I'm thrilled you all concur it's venustum as I love it. Looks like selection & breeding in this species has developed it a bit since I last grew it 33 years ago!

BTW - I don't grow all my Paphs in gold-coloured pots, that's just to keep the better half happy!


Sent from my iPhone using Tapatalk


----------



## John M (Jul 1, 2014)

Welcome to SlipperTalk, Trevor!

Sorry; but, I'm going to rain on your parade. I have followed this thread with interest and surprise at some of the comments. I believe that the provinence of this flower is HIGHLY suspect and I would never consider it to be pure venustum. The veining on the pouch is the most distinctive feature of venustum. There are other species with striped dorsals, raspberry/red coloured petal tips and petal spots; but, the veining (to the degree that it is found on venustum), is unique to only venustum. This flower lacks the most notable defining element of venustum....that crazy veining, reminding one of brains. I believe it is a hybrid; probably Paph. Christmas Cheer (venustum x argus). Or, it could even be Christmas Cheer crossed back onto venustum. Not only is the veining lacking; but, there is a very un-venustum-like overlay of chocolate brown on the pouch. So, to me, it's not only a case of pale coloured veins; but, also the addition of another non-venustum trait added to the mix.

Also, the fact that you are located in the U.K. tells me that this plant probably came from a nursery in Europe. There are a number of BIG nurseries that produce pot plant Paphs there. Many of them just don't care about accurate naming. They source nice plants that are suitable for the trade; to be sold in grocery stores and florist shops and they propagate them by the thousands and thousands. They often use plants that are not named; or, they add their own name. They've done this with yellow primulinum. The primulinum coming out of Europe and saturating the world market are spectacular plants with huge, wonderful flowers. They are great house plants. But, they've been produced by crossing true primulinum with alba forms of other Cochlopetalums. Because the offspring looked like prinulinum on steroids, they just called them primulinum and sold them with that name. Nowadays, it's really hard to find a true, purebred yellow primulinum. 

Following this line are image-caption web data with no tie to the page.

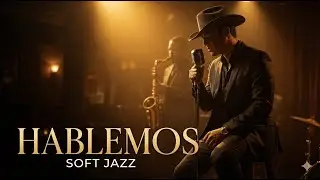 Hablemos (Ariel Camacho) - Smooth Jazz AI Version | SynthSwap cover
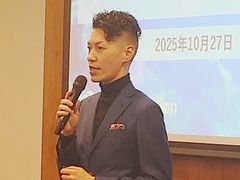 Helical Fusion 代表取締役 CEOの田口昂哉氏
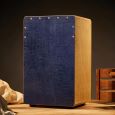 U-Turn Cajon 48 Esche & Birke Front Blue Thumbnail 2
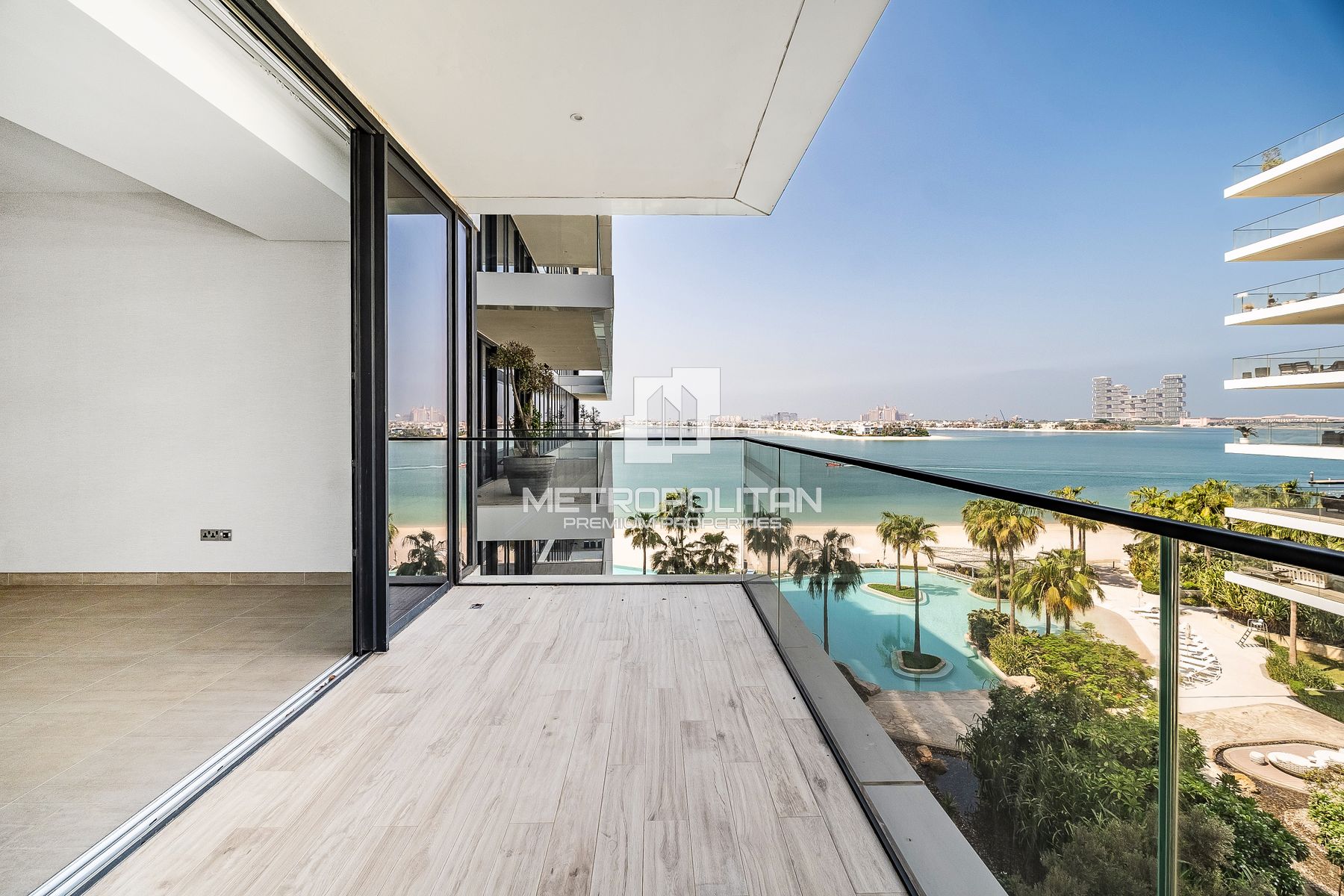1BR Apartment for Sale in Palm Jumeirah – MPS-40773 photo-1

Seeing the pouch on your flower and assuming that it came from a Euorpean nursery, makes me almost completely certain that it is not pure venustum. European producers grow and sell some awesome plants; but, you just can't trust the names. The mentality of many Dutch growers in particular is that the true name does not matter. In fact, it's seen as a business advantage to put their own company names on the plants that they sell because then they are promoting a "line" of products that appears to be unique to them. Or, they like to call a hybrid that looks a lot like a species by that species name. It's easier to grow, maturing more quickly, which is an advantage for them and most of the public who buy them won't know the difference between what they've got and the true-blooded species. 

Years ago, the Dutch producers flooded the world market with Phal. leucorhoda hybrids. The problem was that leucorhoda is a hybrid, not a species. So, it should be spelled with a capital "L". Also, what they called leucorhoda was in actual fact, Phal. philippinensis! It created a huge lot of messy confusion in the orchid world to have all these phals out in the trade with the wrong name on them. Judges and awarding bodies like the RHS and AOS, etc., had a hell of a time sorting out what was bogus and what was correct.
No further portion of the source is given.